Carolina Panthers

Pure dominance

Panthers running back DeAngelo Williams holds the ball high as he runs into the end zone, leaving Kansas City safety Jarrad Page behind. The touchdown run was the first of Williams' three scores Sunday.
Panthers running back DeAngelo Williams holds the ball high as he runs into the end zone, leaving Kansas City safety Jarrad Page behind. The touchdown run was the first of Williams' three scores Sunday.

CHARLOTTE -- After the Carolina Panthers' 34-0 demolition of the Kansas City Chiefs on Sunday at Bank of America Stadium, the hardest thing to find was an honest man.

"Not at all," linebacker Jon Beason said with a scowl when asked if it was as easy as it looked.

This was after they held the Chiefs without a point, limiting them to 35 rushing yards.

"Maybe they looked big to y'all," said DeAngelo Williams of his rushing lanes. "But they close up in a hurry."

This was after he ran for 123 yards and two touchdowns.

"We left a lot of things out there," said guard Keydrick Vincent. "We must continue to get better."

This was after an offensive line playing without its two starting tackles paved the way for 205 rushing yards and allowed no sacks.

This was a dominant performance against an overmatched team, and if you're giving credit to the 4-1 Panthers, you should probably begin with their hospitality and humility -- as they flatly refused to admit how simple this win was to get as long as their visitors were still in the building.

This was a butt-kicking, a beat-down, a clinic, pick your descriptive noun. Simply put, the Panthers turned in their most consistent performance of the season against a team they didn't need to be very good to dispose of.

"I think it's been a while since we've had a game like this," coach John Fox said. "It's obviously enjoyable. I thought our guys came ready to play. We had a great week of preparation.

"It's probably as complete a game as we've played all year as far as offense, defense and kicking game."

It was the Panthers' first shutout since Nov. 19, 2006, when they blanked St. Louis 15-0. They've only had five now including the playoffs, and the biggest of the previous lot was a 24-0 win over Tampa Bay in 1996.

It was the biggest margin of victory in franchise history, topping the 44-11 win at Atlanta to close the 2005 regular season.

And it was never in doubt, no matter how much the polite crowd wanted to make it seem.

The Panthers dominated this one from start to finish. At halftime, when they led 21-0, they had out-gained the Chiefs 291-28. It was the third quarter before the Chiefs managed their second first down and their first trip into Panthers territory.

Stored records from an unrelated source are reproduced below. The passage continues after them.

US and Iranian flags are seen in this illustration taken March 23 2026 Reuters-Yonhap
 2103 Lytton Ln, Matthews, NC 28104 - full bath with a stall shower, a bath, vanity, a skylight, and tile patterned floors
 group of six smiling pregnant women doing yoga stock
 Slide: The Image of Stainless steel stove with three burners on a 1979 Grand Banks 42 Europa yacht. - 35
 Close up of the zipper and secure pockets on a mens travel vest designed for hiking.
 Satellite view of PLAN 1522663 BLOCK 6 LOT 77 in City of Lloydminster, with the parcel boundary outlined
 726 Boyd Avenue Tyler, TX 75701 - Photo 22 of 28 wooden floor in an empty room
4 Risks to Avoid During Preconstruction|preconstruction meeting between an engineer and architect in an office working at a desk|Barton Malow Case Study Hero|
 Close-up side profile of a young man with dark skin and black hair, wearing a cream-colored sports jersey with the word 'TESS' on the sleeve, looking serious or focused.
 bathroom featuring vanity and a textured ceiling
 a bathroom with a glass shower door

They held the ball on offense for nearly two-thirds of the game (38 minutes and 54 seconds), and they created three turnovers and notched three sacks on defense, while stone-walling their fifth straight stud running back.

That's why as much as they tried to downplay it, this one was sweet. And that's why after a meaningless fourth-and-1 stop to end the game, Beason was the one leaping in the air, pumping his fists and kicking his legs as he flew. He looked like Michael Jordan hitting a playoff jumper in Craig Ehlo's face, like a guy who just won the Super Bowl, not like a guy who just beat a team that will struggle to win again this year.

"Yeah, you try to play perfect, and to get that goose-egg is pretty sweet," Beason said. "You think about it. Through three quarters, they had barely gotten past the 50, and then late in the game, all of a sudden they're right there.

"If we don't step up and they get three points, there'd have been a lot of mad people in the locker room. For us to go out and step up when we had to and make the stop was huge."

Their one-week uprising against Denver notwithstanding, the Chiefs (1-4) offered little in the way of resistance. Tony Gonzalez did break Shannon Sharpe's all-time record for receiving yardage by a tight end, but it's a good thing he only needed 3 walking in the door because he left Charlotte with 17.

They're not very good, and they're young to boot. More than 60 percent of their roster (32 of the 53) has three or fewer years in the league, and it showed.

The impressive part for the Panthers is that they never let up.

"We wanted to try to get on them early if we could," quarterback Jake Delhomme said. "One that I'm really proud of this team is that it's a one-week deal. You don't look ahead. That's what I enjoy most about this team.

"There's a focus on the task at hand, and that's what you have to do."

Platitudes aside, dwelling on this one makes little sense and serves no constructive purpose.

This one will only become important in the way it sets them up for the next two weeks. Their trip to Tampa Bay next Sunday followed by the Oct. 19 home game against New Orleans will define the first half of the season, far more than the beatdown witnessed in Charlotte on Sunday.

"It's real quick. Coming up this week we've got a huge game at Tampa," fullback Brad Hoover said. "Everyone in this locker room knows that and expects that. Even though it was the kind of game today that was nice to have, we realize it's going to be hard work, and we've got to be ready to come to play next weekend. We've just got to be ready to play. Those are two very good football teams, two games we need to come in and play well. At least get one, though we'd like to get both of them. They're going to be critical as to how our season goes.

"For us, we've just got to keep our heads to the stone and keep ourselves in position to win games."